TASK BRIEF
Write out the entries exactly, leaving out every picture.

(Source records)
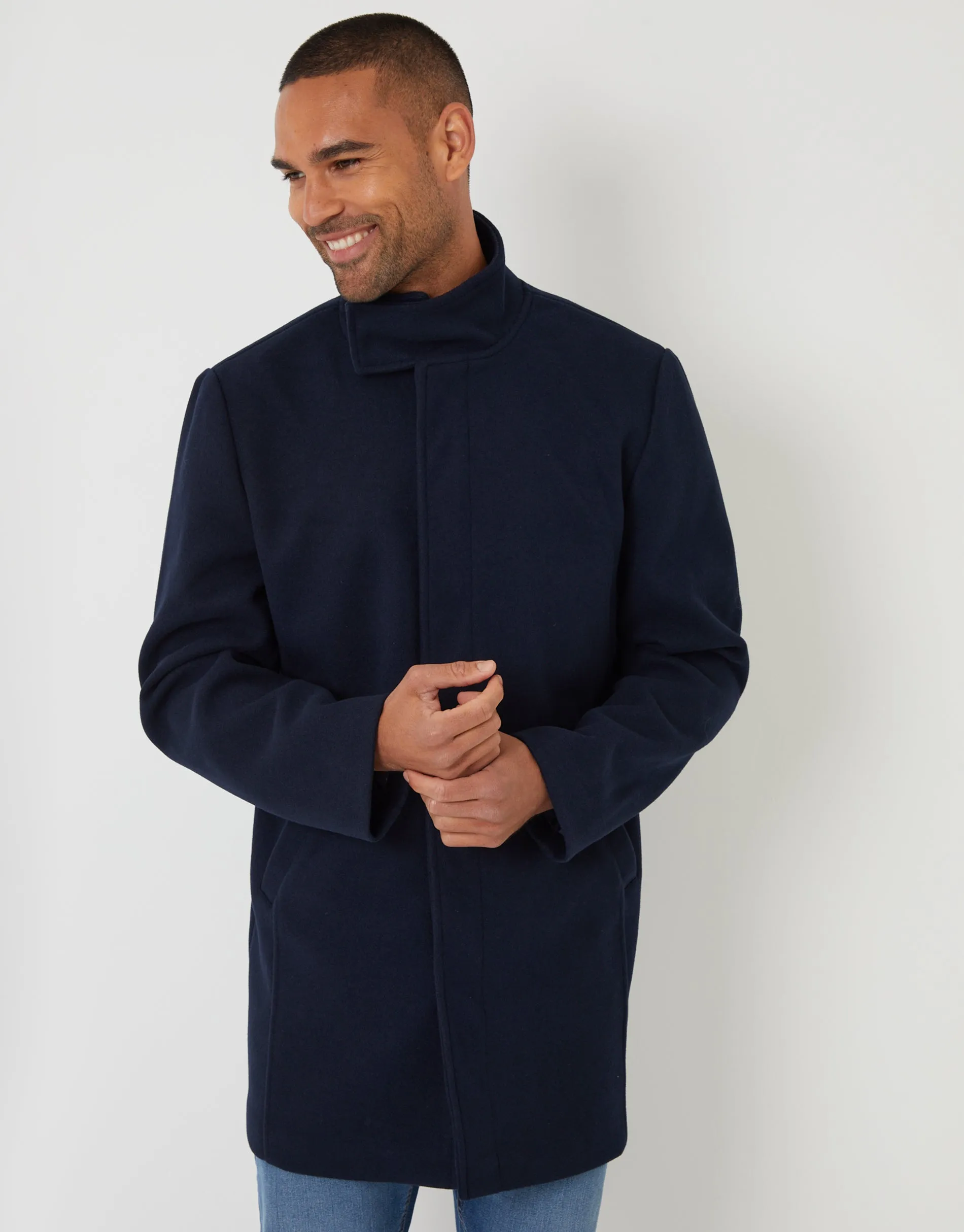 Navy Longline Faux Wool Funnel Neck Coat sold by Threadbare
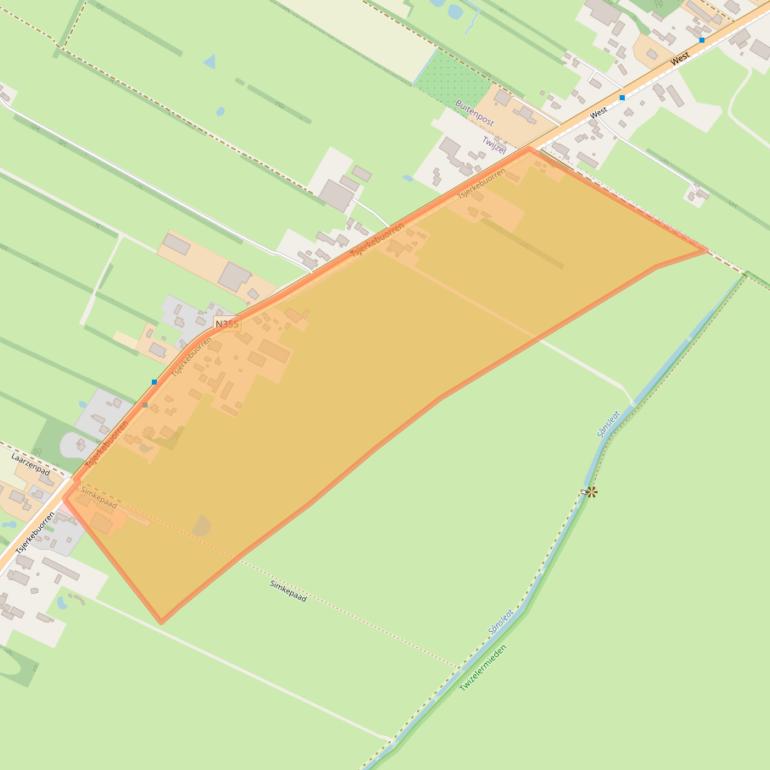 Kaart van postcodegebied 9286GC.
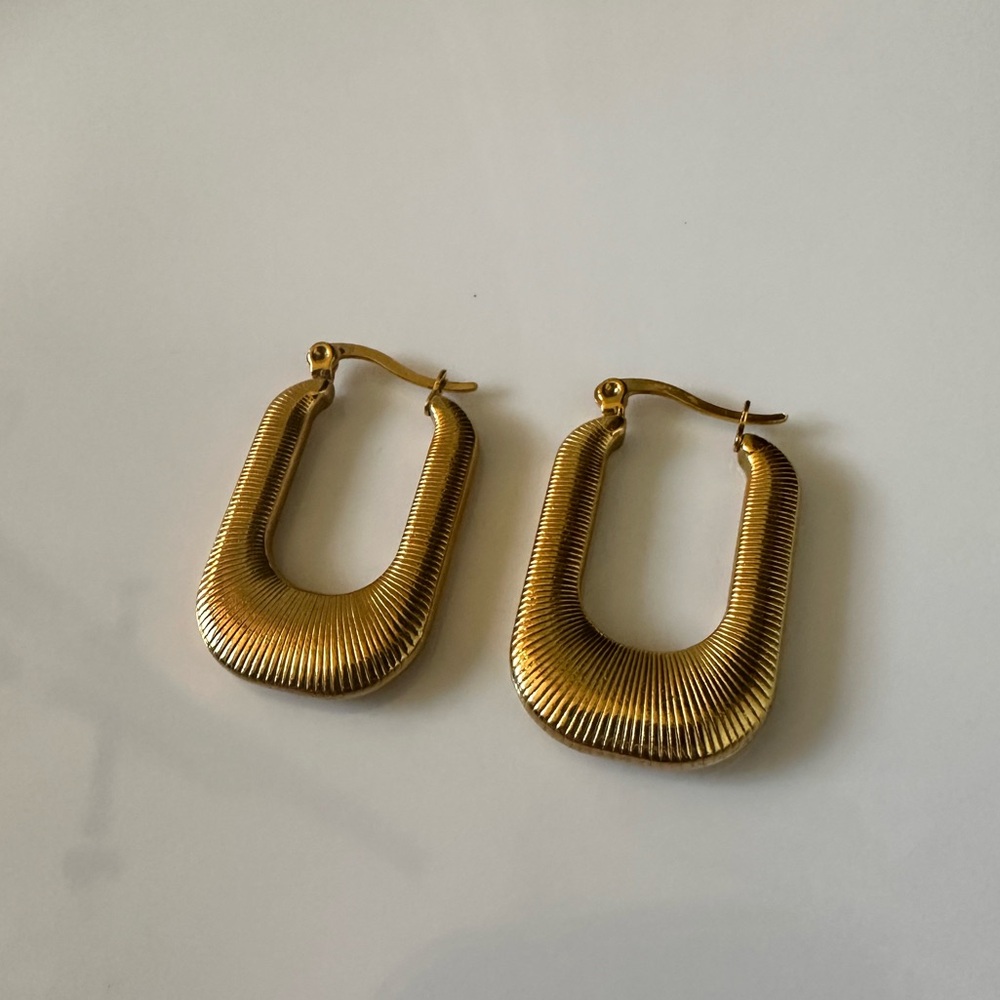 Textured Rectangular Gold Plated Hoop Earrings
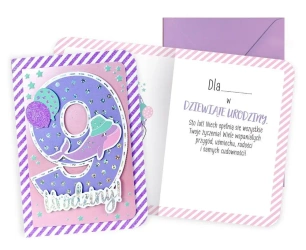 Karnet B6 Urodziny 9 dziewczynka - Kukartka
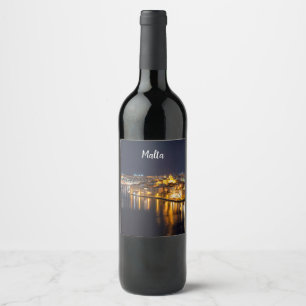 Harbor in Malta illuminated at night Wine Label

REPLY
 Navy Longline Faux Wool Funnel Neck Coat sold by Threadbare
 Kaart van postcodegebied 9286GC.
 Textured Rectangular Gold Plated Hoop Earrings
 Karnet B6 Urodziny 9 dziewczynka - Kukartka
 Harbor in Malta illuminated at night Wine Label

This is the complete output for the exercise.